Monday, September 24, 2007

From Vegas to the Pews...

I'm sorry. I tried to go for a witty title.

I just finished reading Mark Driscoll's blog post about his recent trip to Las Vegas where he got to watch UFC 74 and even got to meet Randy Couture. I don't care who you are, that's just plain cool.

But what struck me about his post was one on the last things he did on his time in Vegas. He and Mars Hill's worship pastor made the rounds of some of the hotel clubs on the strip to see how they set up their lights, sound and video because they are currently doing some renovating at one of their own buildings (the Ballard campus).

Then I start to ponder. Most churches I've been in look like churches, not clubs. Many churches have bad color, horrible seating, bad lighting, questionable acoustics and lackluster video. I'm not saying that we need to go for some "wow factor" or some dazzling pyrotechnics but could we at least make the room aesthetically pleasing? Isn't it ok to make people feel comfortable and relaxed in a room?

Look around the room this week in which you worship. How many people just look uptight? And how many of them could be set at ease if we were more proactive about the way that we set up our buildings?

Sure, comfort isn't our number one priority. But if we want to engage people for extended periods of time, shouldn't we do everything to remove physical distractions?

So, what do you think? Is it a good idea to be getting some ideas about our church decor and layout from clubs?


jon or angie said...

as long as we remember that our current evangelical fiasco of church decor also came from trying to respond to the culture we were in. (from a time where they were seeking simplicity, sterility, and eliminating the distraction of aesthetic)

as much as i am tired of the bland and drab evangelical church setting if i go to a church with lights like las vegas i don't know what i'll do first: puke or leave. but that's just me.

Knotter said...

I, for one, am all about flash for the sake of flash. Kidding, of course.

But is it ok to have a building that actually appeals to people? Or does that mean we've sold out? Is it ok to be current? Is it ok to bring creativity and current cultural items to our buildings? Or have we missed the point?

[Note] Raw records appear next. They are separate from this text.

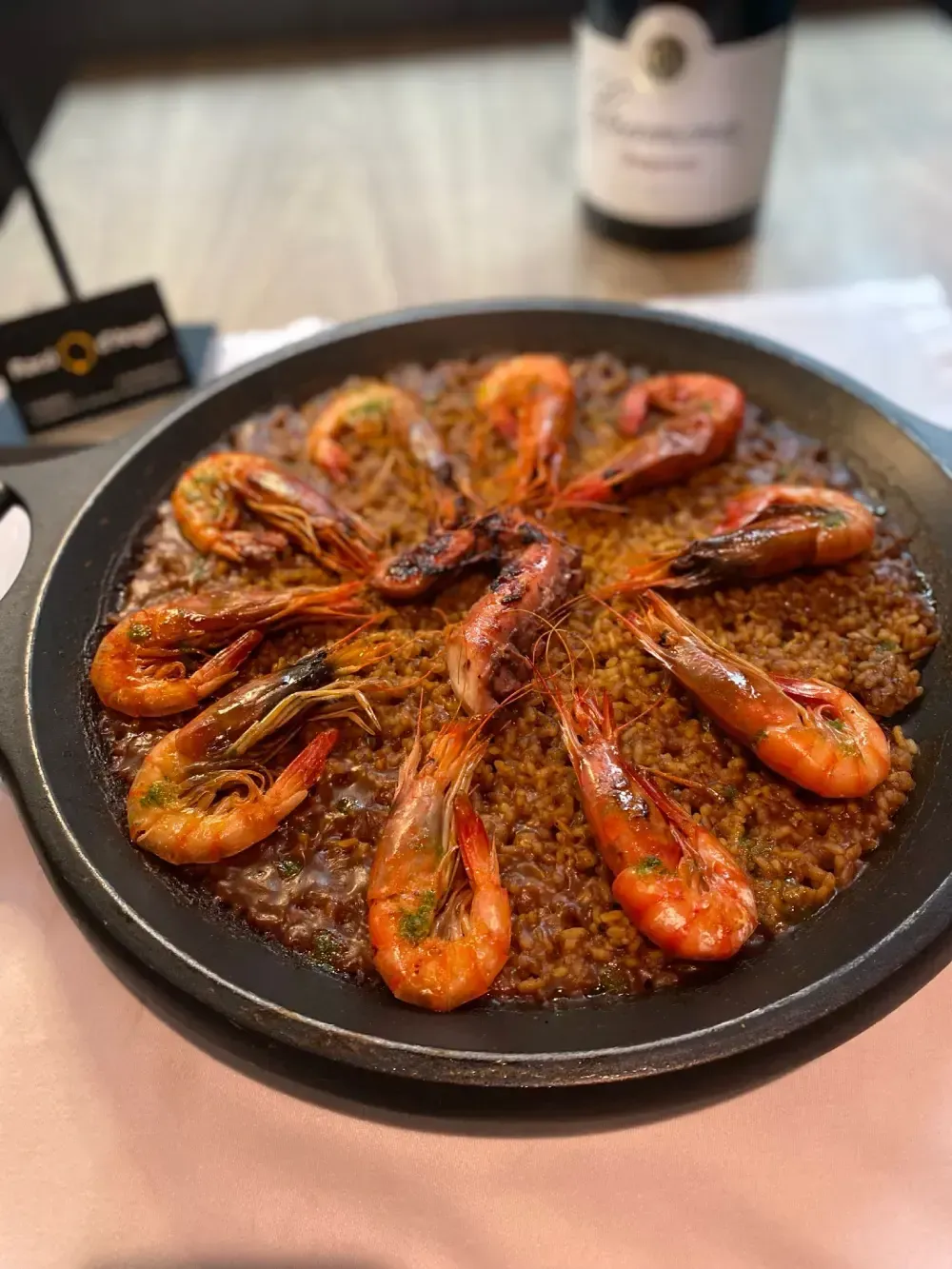 Paella con camarones a la plancha en sartén negra, servida en mesa.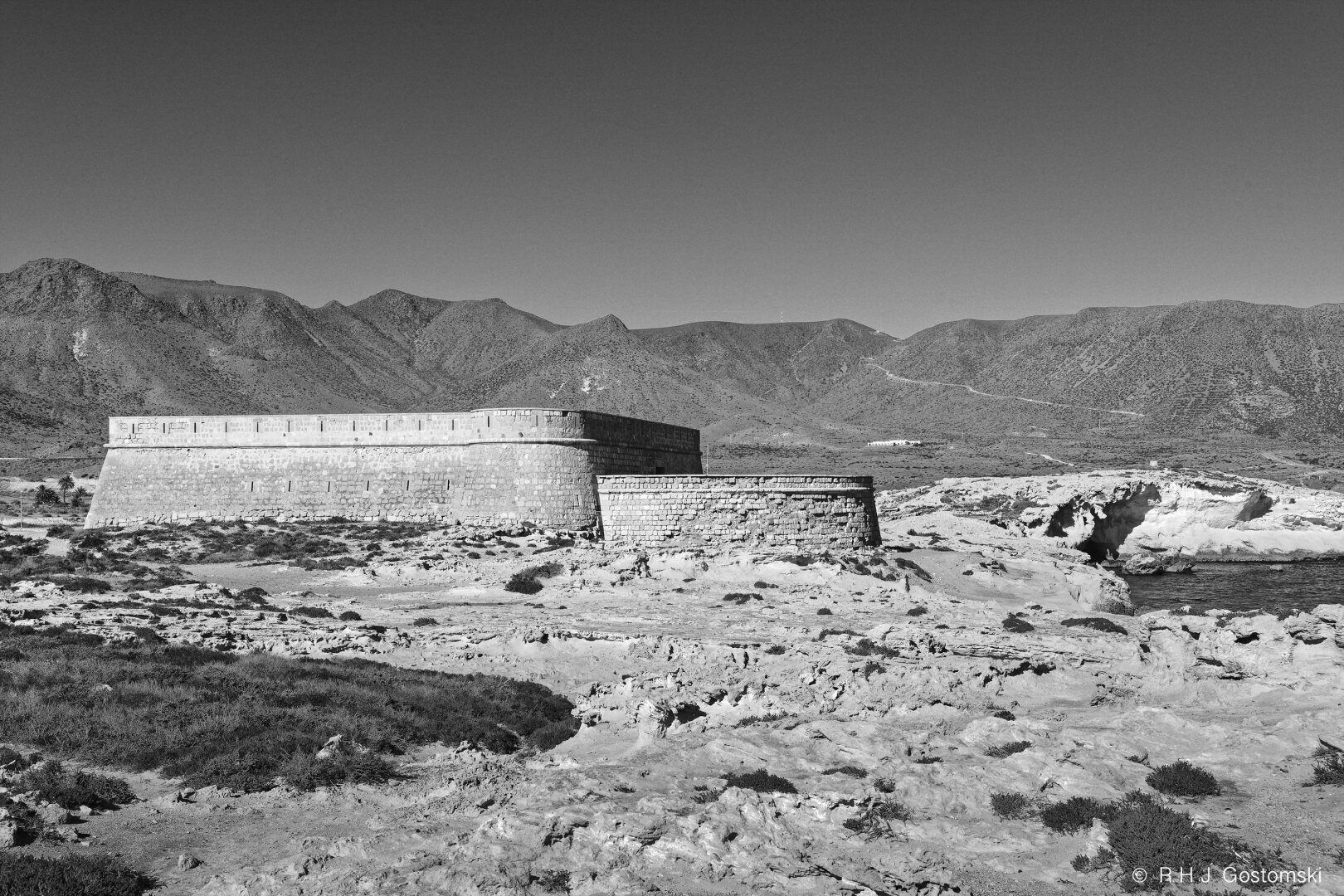 Black-and-white photograph of Castillo de San Felipe o de los Escullos on the coast with a sea view behind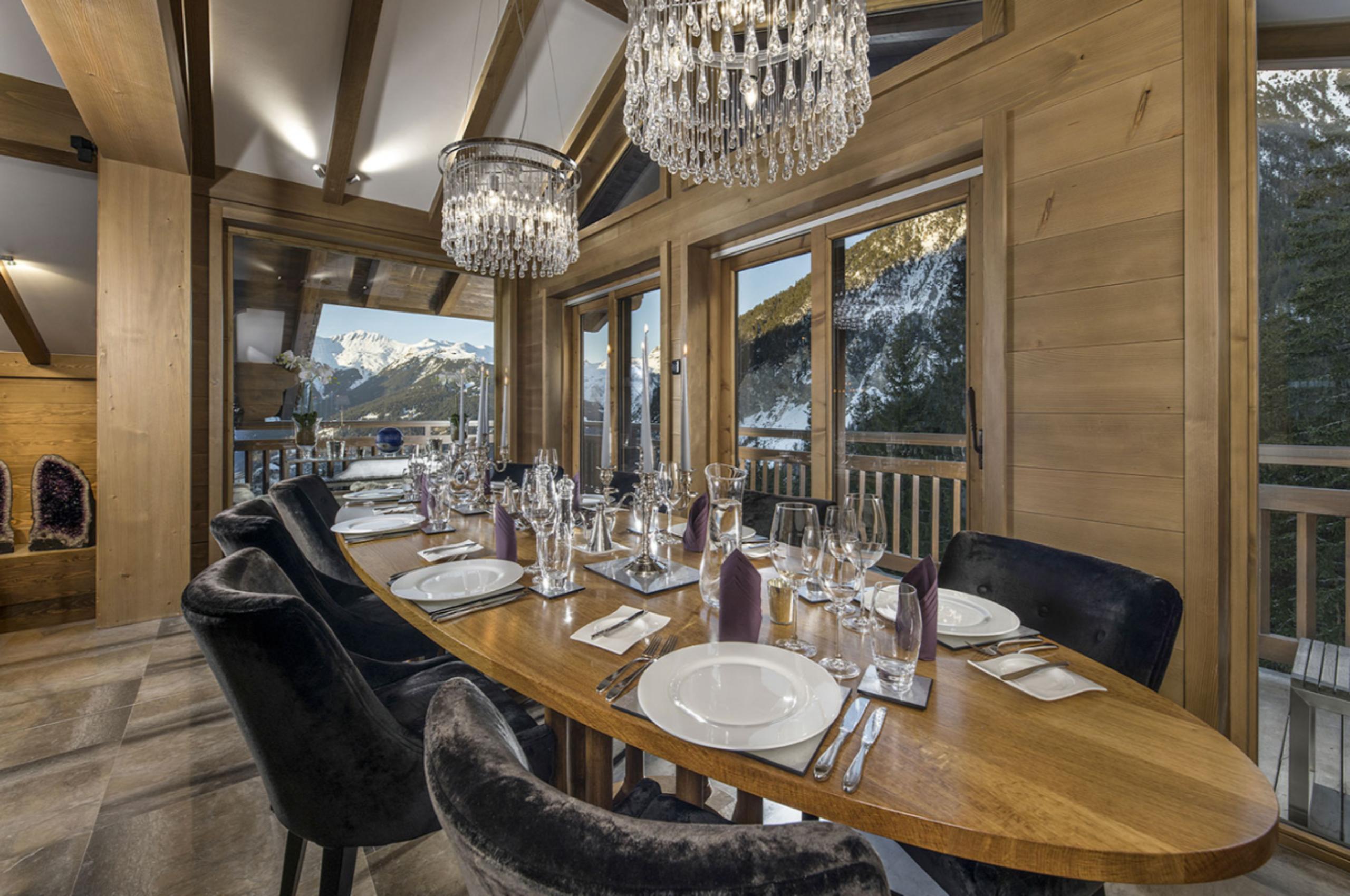 chalet-odile-mainpage-dining-room-mountain-views-elegant-alpine-design-luxury-courchevel1650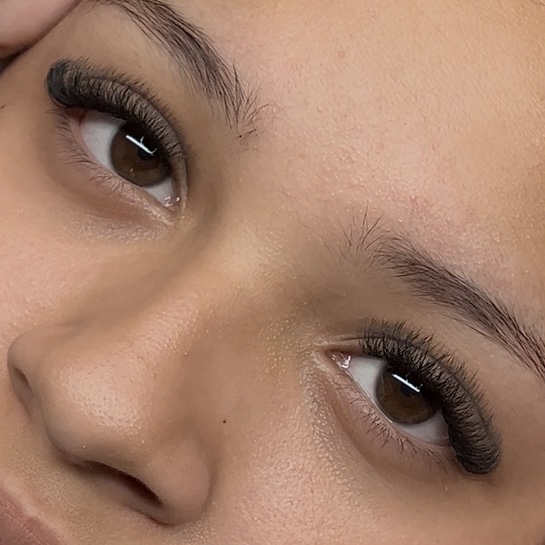 A close-up of a womans eye, showing off her new hybird lash extensions.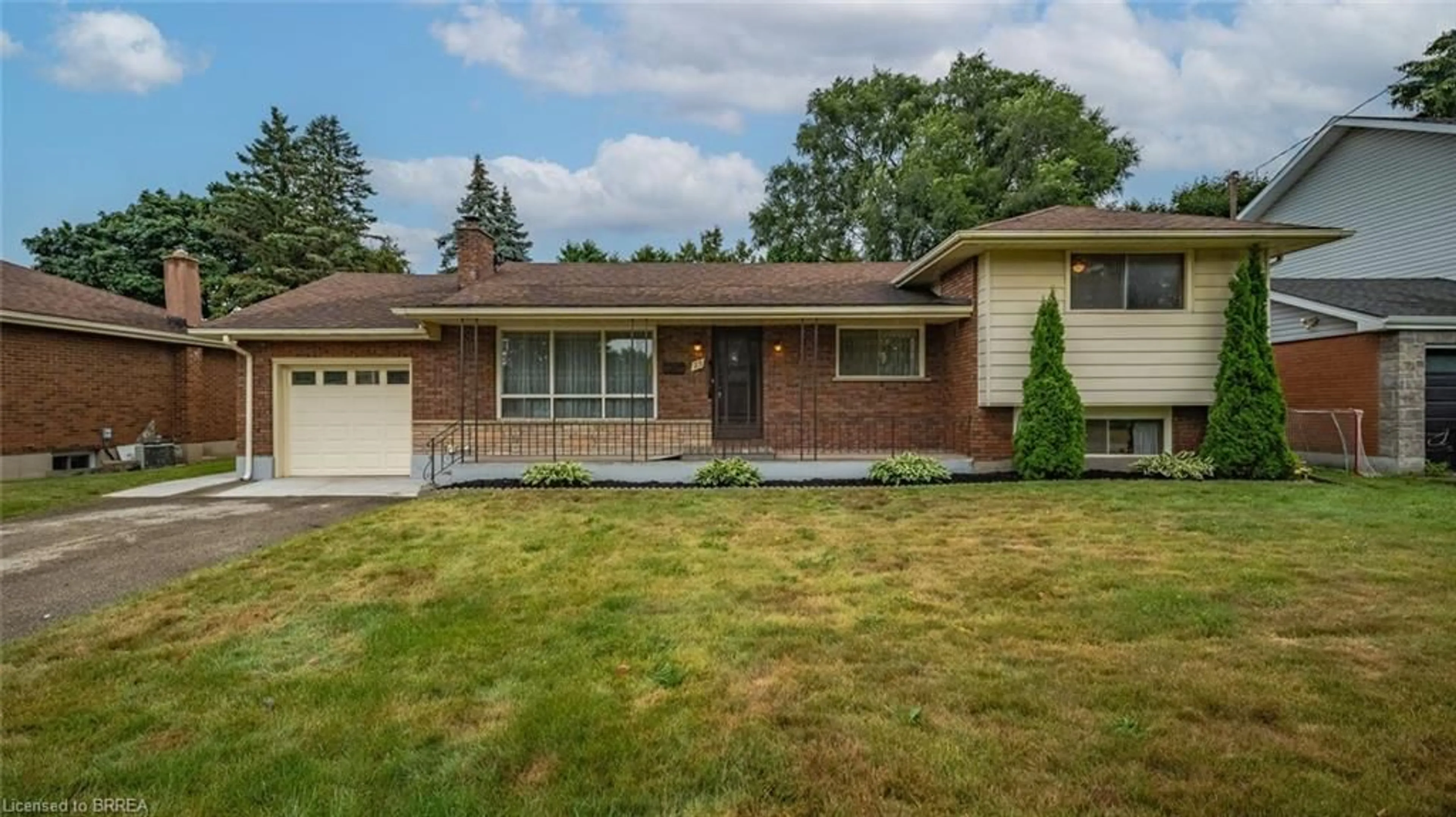 Home with brick exterior material, street for 25 Kensington Ave, Brantford Ontario N3R 3N6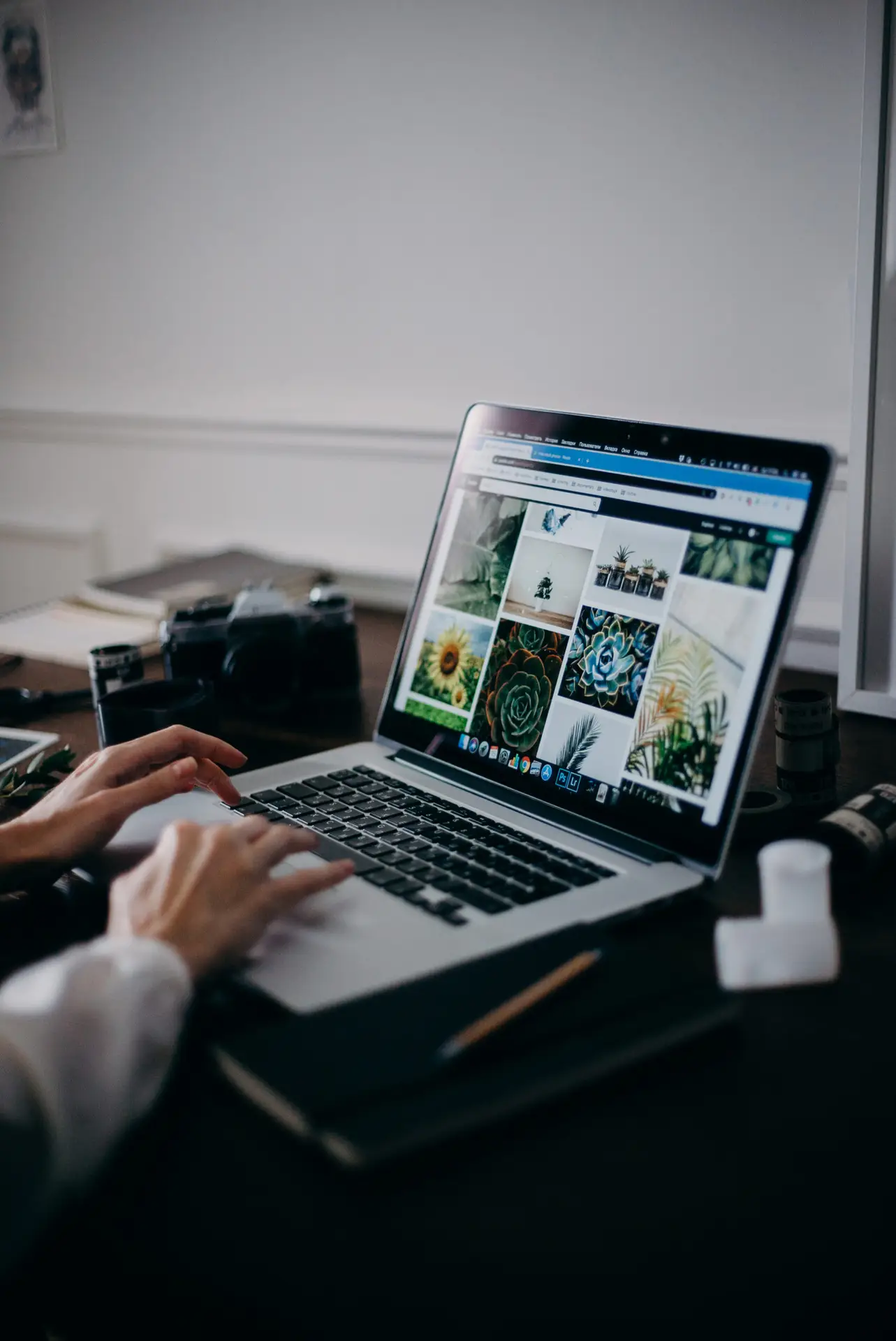 person using macbook pro on table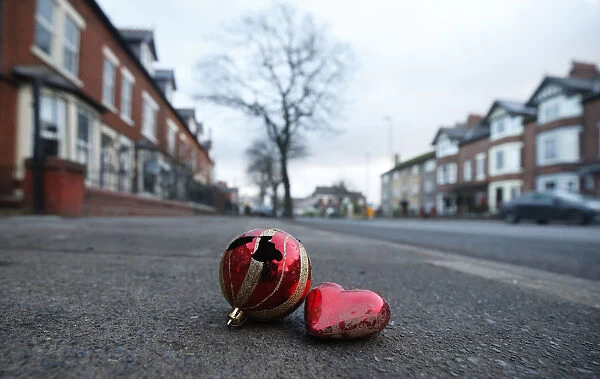Christmas baubles lie on the pavement along Warwick Road in the town of Carlisle in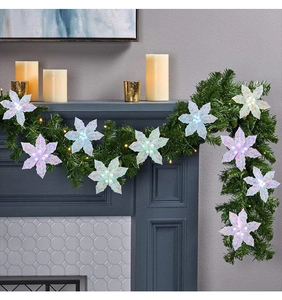Gros plan de fleurs de poinsettia artificielles pailletées sur guirlande de cheminée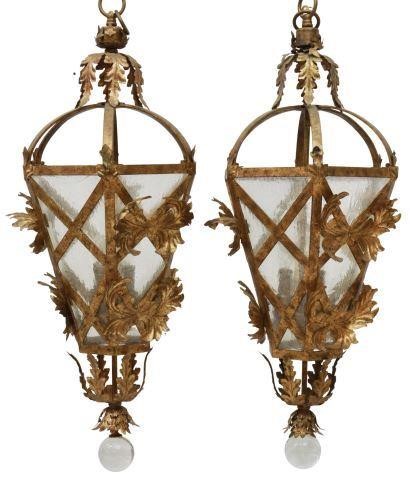 Appraisal: pair Wrought iron hanging lanterns in an antiqued gilt finish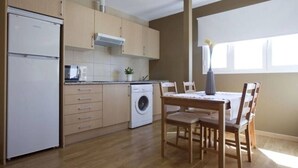 Eine kleine Küche mit integriertem Waschmaschine, Holzausstattung und einem Essbereich mit Tisch und Stühlen.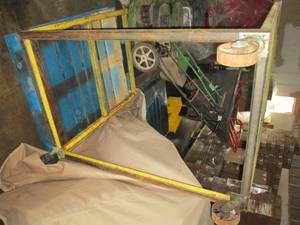beige metal cart missing 1 wheel...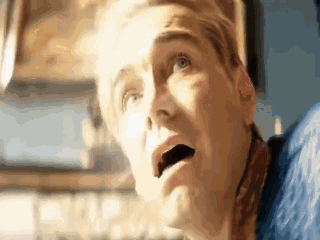 a close up of a person 's face with a surprised look on their face .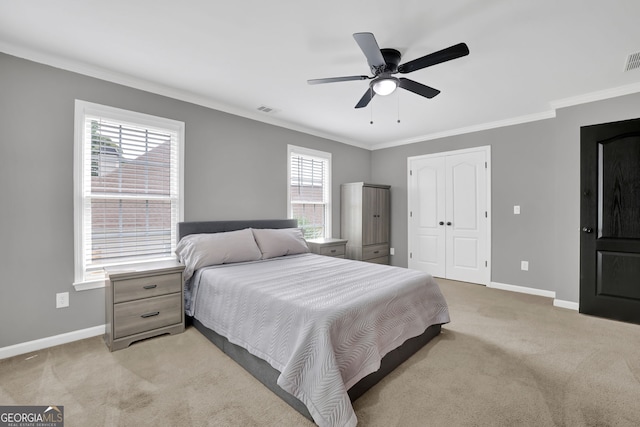 285 Finsbury Park Ct, Suwanee, GA 30024 - bedroom featuring crown molding, light colored carpet, multiple windows, ceiling fan, and a closet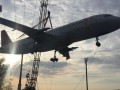 Crane carrying defunct AI aircraft crashes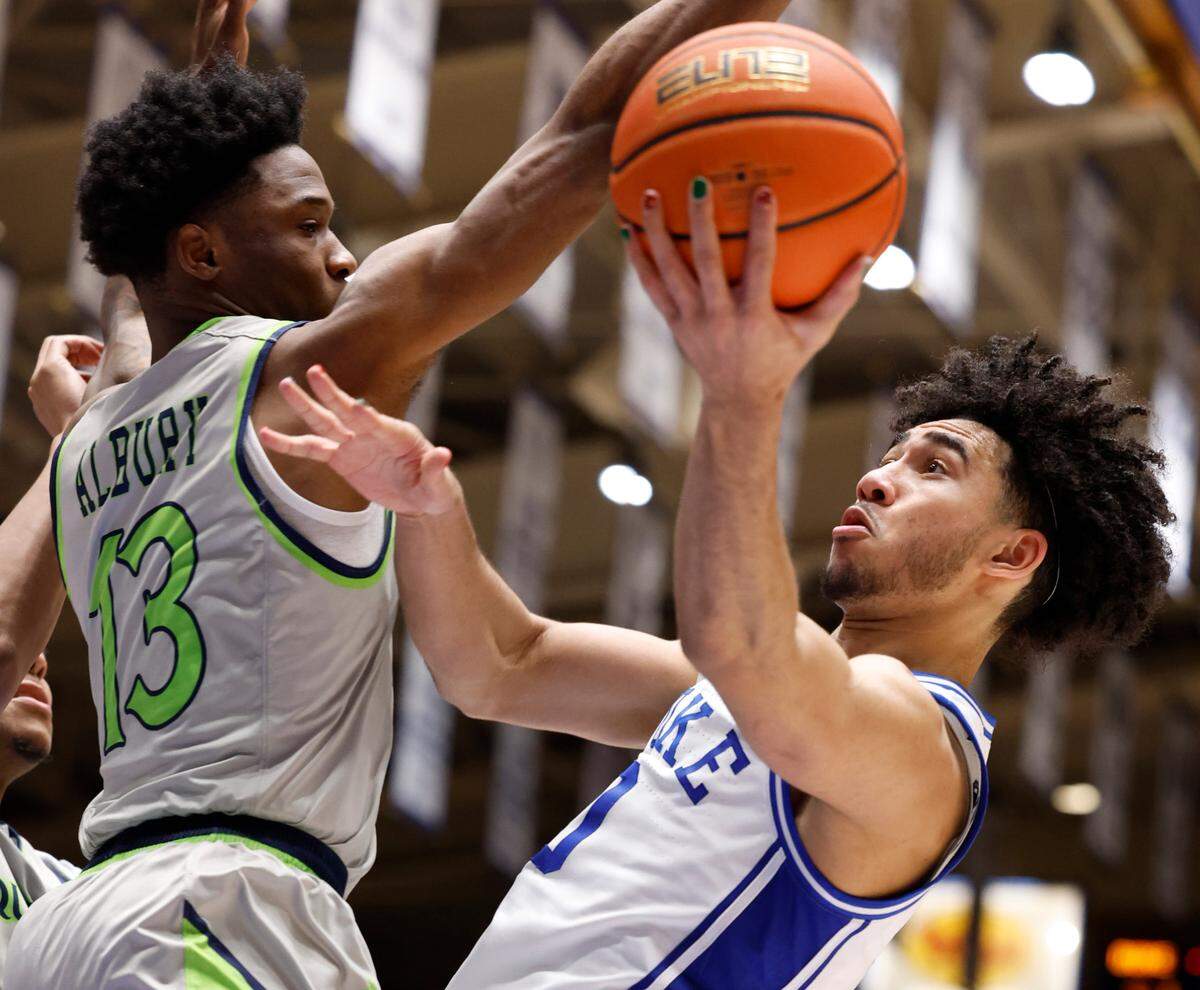 Duke’s Jared McCain (0) shoots while defended by Queens’ Deyton Albury (13) during the second half of Duke’s 106-69 victory over Queens University at Cameron Indoor Stadium in Durham, N.C., Saturday, Dec. 30, 2023.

I'm wrestling with a few of these questions which ends up seeming like a "which came first? the chicken of the egg?" type of thing.

I may go back and forth depending on what day it is. Today I like the idea of stealing room ideas from something like a club.

theoquest said...

We're currently talking about redoing a large room in our building and I just keep coming to the question of how do we design a space that's accessible and usable for the community - not just a couple hours a week.

Knotter said...

Another good thought. We too have a good sized room that is our "youth centre" but it acts more as a multi-purpose room. And there are outside groups that use it from time to time. I sometimes wonder what they think of it.

And I often wonder if our buildings could serve more help to the community if we designed them differently. It might help us build some more bridges and develop new relationships within the community.

I heard of one church that shows movies during a local film festival. Now that's thinking outside the box!

Mike, I'd be curious to see what you come up with. When are you planning to have it done by?

jon or angie said...

i think i am okay with the worship environment being whatever. i personally would find lights and glitz distracting but on a theological level i find it to be distracting as well, unless it finds a creative way to exalt Christ, rather than merely make us comfortable.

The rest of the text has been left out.